I know which are the recurrent states {2,4,5} and It's clear to see it drawing a diagram but how can I prove that {2,4,5} are the recurrent states?
In a formal way?
Also the transient states are {0,1,3} but I saw it intuitively, how can I prove it formally?
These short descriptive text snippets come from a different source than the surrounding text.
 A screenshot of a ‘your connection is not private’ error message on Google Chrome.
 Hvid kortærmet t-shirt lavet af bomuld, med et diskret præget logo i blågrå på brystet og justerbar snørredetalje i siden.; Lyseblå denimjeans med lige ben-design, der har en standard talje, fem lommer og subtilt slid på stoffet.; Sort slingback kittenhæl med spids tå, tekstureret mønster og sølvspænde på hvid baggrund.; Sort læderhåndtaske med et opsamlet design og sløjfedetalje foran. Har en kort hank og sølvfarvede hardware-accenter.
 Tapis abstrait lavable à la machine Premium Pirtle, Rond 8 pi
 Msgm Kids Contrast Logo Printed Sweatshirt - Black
Use First Entrance Theorem, which states that for any states $i$ and $j$ and integer $n\geq 1$, \begin{equation*} p_{ij}^{(n)}=\sum_{m=1}^{n}f_{ij}^{(m)}p_{jj}^{(n-m)} \end{equation*} where the zero-transition probabilities are defined by \begin{equation*} p_{ij}^{(0)}=\begin{cases} 1,& \text{ if } i=j\\ 0,& \text{ if } i\neq j\\ \end{cases} \end{equation*} If state space is moderately large, then the following recursive formula will be useful: \begin{equation*} F^{(n+1)}=P\left( F^{(n)}-F_{d}^{(n)}\right) \end{equation*} where $P$ is the transition probability matrix of a Markov chain, $F^{(n)}=\left(f_{ij}^{(n)}\right)$ and $F_{d}^{(n)}$ denotes a diagonal matrix containing the diagonal elements of $F^{(d)}$.